So If anyone wants a Martin, get one! Don't listen to me or anyone else. Go shoot a bunch of bows and decide from there. I just did that and I like the Bowtech Invasion. All that matters is what you like and feels good when you shoot it.


----------



## parkerd (Sep 30, 2010)

^ nicely said wish people would think before posting...


----------



## kylecurtis04 (Nov 30, 2010)

I'd love to see people shoot numerous bows with no name on the bow & no knowledge of what the bow company is & see what their impression is. I think we would all be surprised. Now, the reason I shoot a Martin is based on these simple facts. I can't afford to go out and spend damn near a 1K on a bow with all the accessories. Plus, why would I want to do that when I can get into a Martin rigged up for less than $500-$600? That is half the cost of one of the top end bows that shoot just as good. And its not about the bow, its about the person behind that bow that can make a bow. These pro's now days can make any bow look great and make them look like they shoot better than any bow out there. Technology is just so far advanced that it is just ignorant for people to call one bow company "junk." Because in all honesty, there isn't a crappy bow out there to my knowledge. With all this being said, as an archery Nation we should support one another no matter what they shoot. It is a brotherhood and a unity that we must continually build every day.


----------



## Ghost23 (Jul 15, 2011)

kylecurtis04, and parkerd I couldnt say it better myself. I too would love to see people shoot bows with no names on them and see their reactions when they are told what they shot. 

But everyone has their own opinions about anything and everything. I think most of it comes from advertising, popularity, who else has it, TV, etc.. 
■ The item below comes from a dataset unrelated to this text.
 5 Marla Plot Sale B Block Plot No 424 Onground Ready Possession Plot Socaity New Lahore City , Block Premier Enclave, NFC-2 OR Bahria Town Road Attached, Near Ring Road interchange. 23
And no, there are no "junk" bows being produced these days. Some might have issues but they are still good bows. I think a "junk" bow would be dangerous to even shoot and would be quickly taken of the market. I don't really know of any recently. Maybe we should start a list of "bows with issues" and not consider them "junk". This would help everyone in their decisions and opinions on certain bows, and get away from simply stating that a bow is "junk". We all need to know why it is "junk". What are the issues that make it "junk"?


----------



## parkerd (Sep 30, 2010)

One o the main reasons I shoot a Parker is because I got it used at an incredible price I shot it a few times has a smooth draw and is considerably fast Im shoot a 340 grain arrow and I'm pushin about 260 maybe less?


----------



## Ghost23 (Jul 15, 2011)

This is the kind of info we need about bows. Not people saying everything that they don't have is junk.


----------